This article by Karen Pollock MBE, Chief Executive of the Holocaust Educational Trust, first appeared in The Times Red Box on Wednesday 27 September.
How many more times must we condemn antisemitism in Labour?
This time last year I wrote for Red Box a piece headlined How has it come to this? that outlined my shock and dismay that I was finding myself having to defend the truth of the Holocaust at a political party conference.
I thought – or at least hoped - this was an exceptional circumstance, a one off, an aberration.

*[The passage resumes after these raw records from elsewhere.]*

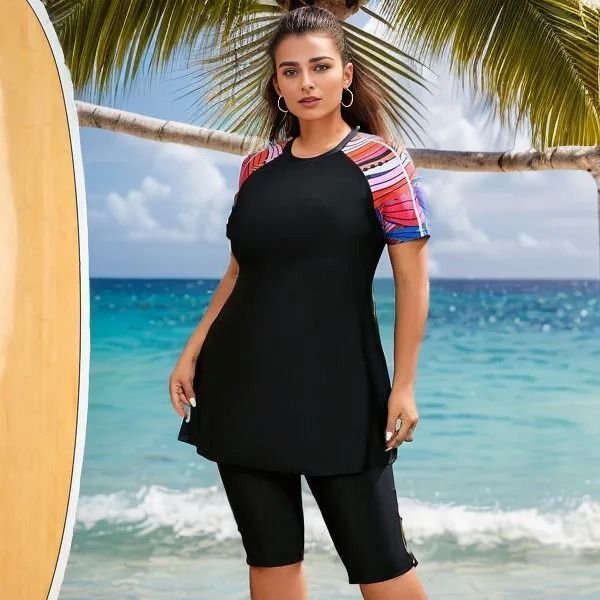 Neuer zweiteiliger Badeanzug mit Rock in Übergröße für Damen, lässig, konservative Boxer-Bademode, Sonnenschutz, atmungsaktiv_voghion.com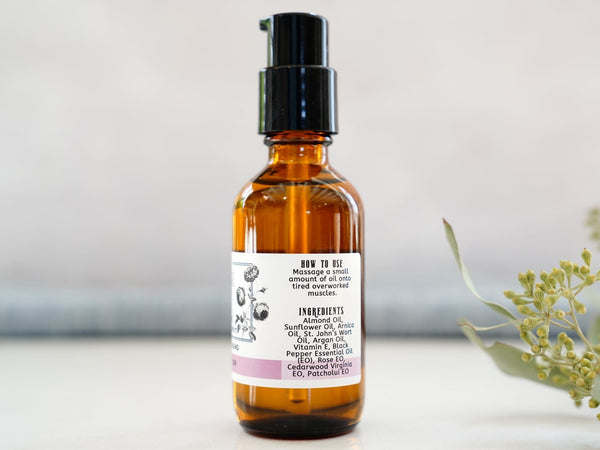 Massage Oil with Arnica - Passion - Black Pepper & Rose - Little Flower Soap Co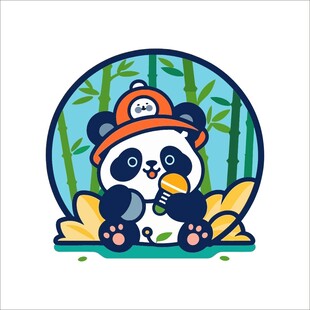 戴帽熊猫坐于竹林间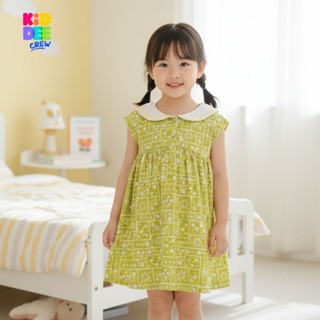 KiddeeCrew ชุดกระโปรงเด็กหญิง ลายดอกโทนสีเขียวสดใส  ปกคอบัว …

At the time, I couldn’t quite believe I was having to defend the basics of the events of the Holocaust. Or that I had to explain why there are not two sides to this story. Or that I had to explain why this constituted antisemitism. Above all, I couldn’t believe that those casting doubt about the truth of the Holocaust were not being widely condemned.
And yet here we are, one year on.
Maybe this year we’ll call this piece Here we go again or Déjà vu.
There has been progress, for example the work led by the Jewish Labour Movement, to try and establish a rule change which will make discrimination against any minority group a named offence in the Labour rule book, including antisemitism.
But we need to take an honest look at where we are.
We have elected Labour politicians suggesting that antisemitism has been “weaponised” – a suggestion that it is being used to promote some other agenda.
And we even have activists handing out material at the Labour party conference quoting Reinhard Heydrich, one of the leading architects of the Final Solution.
How many times do we need to explain the hurt and offence that it causes when people question the truth of the Holocaust? How many times do we need to explain that there are survivors – who lost their homes, communities and entire families - still among us, who register these comments with disbelief?
How many times do we have to defend basic truths that should be considered sacrosanct?
We have all been alarmed by the rise of the far-right around the world in recent months, culminating in the terrible events in Charlottesville in August. And equally we worry about the far-right gains in the German elections for the first time in decades.
Yet, it is all too easy to point the finger at events elsewhere - sometimes we need to look in our own backyards and admit where the problems lie. And there are problems here.
We need our political leaders, from all parties, to take a stand and say when a line has been crossed. We need to be clear that antisemitism will not be tolerated, and it needs to be reflected in concrete action. We need our leaders to be clear that they will not stand by as the truth of the Holocaust is undermined on their watch.
Maybe next year Red Box won’t need me to comment on the Labour party and antisemitism. I truly hope so.